MR. NEAL: Objection.
THE COURT: Overruled.
THE WITNESS: I don't know.
*304 MRS. CLAGETT: You don't know. You learned not to do that, didn't you?
THE COURT: Just a minute, please. Just ask him a question, Mrs. Clagett, please.
MRS. CLAGETT: I have no other questions, Your Honor." (Emphasis supplied.)

The law is clear on this point. Md. Code Ann., Courts Article, § 10-905 (a) provides that "[e]vidence is admissible to prove the interest of a witness in any proceeding, or the fact of his conviction of an infamous crime." (Emphasis supplied.) In Huber v. State, 2 Md. App. 245, 257 (1967), we held that "the proper interpretation of [that provision] would permit only the fact of conviction for a specific crime to be permitted [sic, admitted] into evidence, and not the details of the commission of the crime." (Emphasis supplied.) We noted that:

"When the details of the commission of a prior crime by a witness are introduced into evidence, there is a danger that the jury may be misled into a conviction by evidence of an offense for which the defendant is not indicted... and hence the introduction of such evidence should be subject to rigid scrutiny by the court...."

Id. See also Kable v. State, 17 Md. App. 16, 31, cert. den. 268 Md. 750 (1973). More recently, the Court of Appeals observed in Ricketts v. State, 291 Md. 701, 703 (1981), "[t]he evidentiary tool the State customarily uses to attack the defendant's credibility is evidence of his prior convictions. The only details ordinarily allowed to be presented to the jury are the nature of the charge and the fact of conviction." (Emphasis supplied.)
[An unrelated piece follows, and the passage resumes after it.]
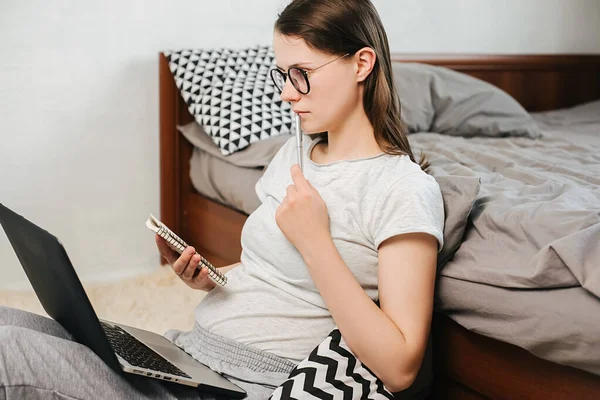 Pensive Young Woman Eyeglasses Sitting Floor Work Laptop Thinking Problem — Stock Photo, Image
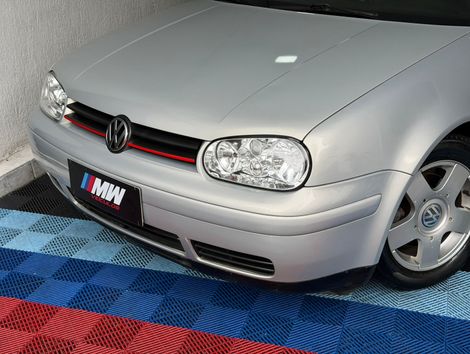 VolksWagen Golf 2.0/2.0 T. Flex Mec.(Black & Silv)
The questions allowed here obviously extended far beyond the nature of the charge and the fact of conviction. They included not only the "details of the commission of the crime," but the attempt at flight and an extra-judicial confession.

The trial judge allowed this line of inquiry on the ground *305 that defense counsel had "opened the door" by asking whether appellant had pled guilty "because [he] got a deal." It would seem from this that, although not very well articulated, the court, in effect, was applying the doctrine of "curative admissibility," a doctrine which, under some circumstances, permits a party to offer otherwise inadmissible evidence in response to like evidence offered by his adversary. See, in general, 1 Wigmore, Evidence, § 15 (3d ed. 1940); McCormick on Evidence 2d, § 57; 29 Am.Jur.2d, Evidence, § 267.

We are aware of but two instances in which this doctrine has been considered in the context now before us, both times by the District of Columbia Court of Appeals. See Jenkins v. United States, 374 A.2d 581 (D.C.), cert. den. 434 U.S. 894 (1977); and Middleton v. United States, 401 A.2d 109 (D.C. 1979). As expounded in Middleton, the theory proceeds thusly: (1) it is permissible for the State to attack a testifying defendant's credibility by showing prior convictions; (2) it is also permissible for a defendant "to give a limited explanation of extrinsic convictions when the subject is first broached by the government" (401 A.2d at 125); (3) it is not permissible, however, for a defendant to contrast a guilty plea in a prior case with his defense of the instant case, for that bears not on his credibility but rather tends "to create an inference of innocence with respect to the charges in the present case" (id., 125); and (4) if the defendant nevertheless injects that into the case, he has "opened the door" to the State also using otherwise inadmissible evidence regarding the prior offenses in order to respond to the impermissible inference that he is innocent in this case.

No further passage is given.